Engineering expertise is separate and can cause costs to spike, as tuning and customization is code-based. Complex datasets at scale can cause costs to spike, as can streaming data (which creates a continuous load by keeping the Snowflake VDW meter running 24/7).

Upsolver pricing

Upsolver pricing is based on Upsolver’s server usage.

  • Consumption-based, on-demand
  • Compute-based model where pricing is based on Upsolver’s usage of EC2 servers.
  • Minimum 4-CPUs instances
  • Free edition includes fixed-capacity compute, unlimited storage on customer cloud account (20GB on Upsolver cloud account).

 

Snowflake and Databricks: Performance

Both perform best on data in their own proprietary formats.  Snowflake has an advantage on ad hoc queries, batch transformation workloads, BI reporting.  Databricks uses Spark to query semi-structured and schema-less data, and add-on tools to run SQL.

 

Databricks

  • Uses Spark to run analytics queries against semi-structured, schema-less data.
  • Must query Delta Lake tables in Delta file format (when using the Databricks SQL Analytics query engine). Otherwise…
  • Offers Delta Engine, a federated query engine optimized to run SparkSQL and that includes a caching layer on top of Delta Lake-versioned Parquet.
  • Added SQL query engine (DB SQL Analytics) to support BI reporting and ad hoc query use cases.

Snowflake

  • Automatically enforces a schema, enhancing query performance.
  • Automatic query tuning.
  • Optimizes storage for data access by its native SQL query engine during ingestion; uses columnar format.
  • Closely ties storage and querying; solves well for interactive queries.

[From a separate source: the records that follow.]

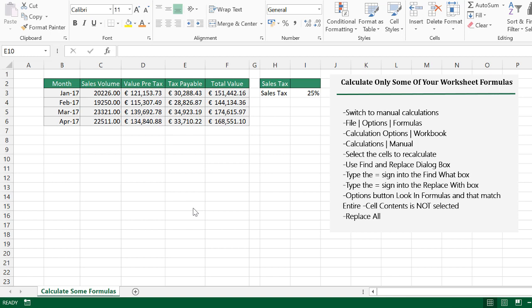Hi guys, welcome back for another Excel video. Today I'm going to show you how to calculate only some of your worksheet formulas. That is, if you have a really large spreadsheet or workbook and you just want to test some new formulas, you only want to update a couple of cells, you don't have to recalculate the whole data set or the whole workbook. There's a really great way to just calculate some individual cells that you might be testing or just updating to see how the formulas work. And that's what I'm going to walk you through today.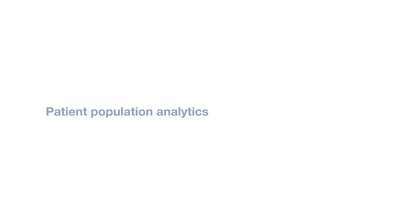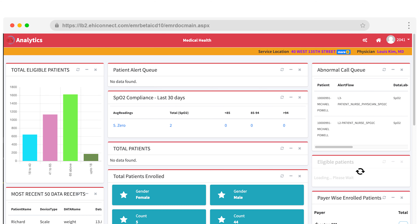Under Analytics, you'll see a complete overview of your patient population. You can see how many patients are enrolled in the program, how many patients are actively using their devices, payer reimbursement amounts, and so much more.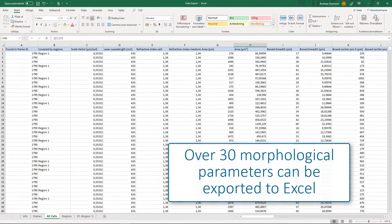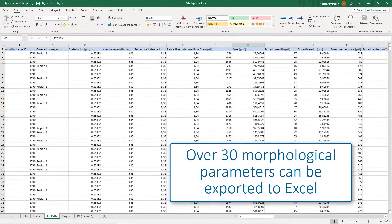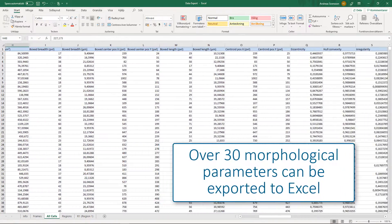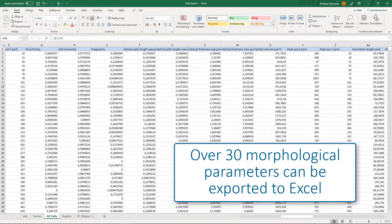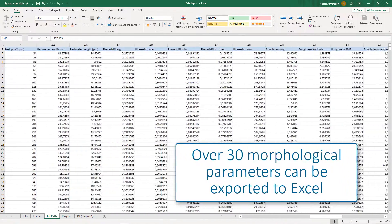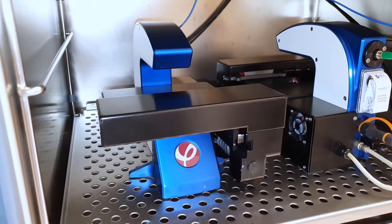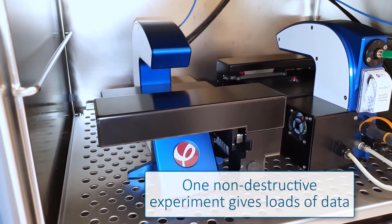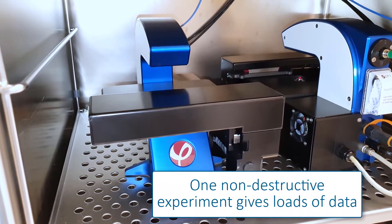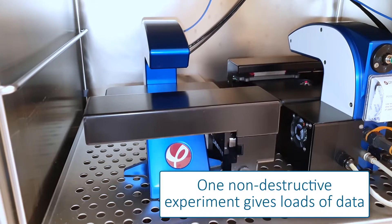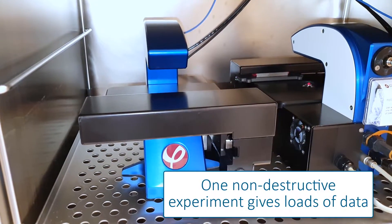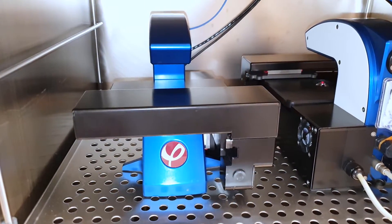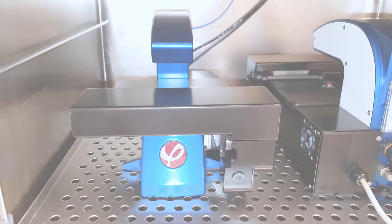All of these parameters can be exported to an Excel file if you want to analyze the data further on your own. With Holomonitor, you save both time and money by getting all necessary drug effect data from one single experiment without wasting any cells.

More performance resources:

Databricks and other data lake query engines

Snowflake and Redshift on AWS

Snowflake and Databricks: Benchmarking performance

Benchmarking query performance has become a point of strong contention between Snowflake and Databricks.  The two came to verbal blows over a benchmark test of processing speed called TPC-DS.  Databricks claimed significantly faster performance.  Snowflake claimed Databricks’ announcement was misleading and lacked integrity.  Databricks implied Snowflake pre-processed the data it used in the test to obtain better results. 

Regardless, storage and compute functions are now and will remain decoupled.  When it comes to batch workload speed either company will likely satisfy most organizations’ needs.

Databricks Snowflake
Uses Spark to run analytics queries against semi-structured, schema-less data. Automatically enforces a schema, enhancing query performance.
Must query Delta Lake tables in Delta file format (when using the Databricks SQL Analytics query engine). Otherwise… Automatic query tuning.
Offers Delta Engine, a federated query engine optimized to run SparkSQL and that includes a caching layer on top of Delta Lake-versioned Parquet. Optimizes storage for data access by its native SQL query engine during ingestion; uses columnar format.
Added SQL query engine (DB SQL Analytics) to support BI reporting and ad hoc query use cases. Closely ties storage and querying; solves well for interactive queries.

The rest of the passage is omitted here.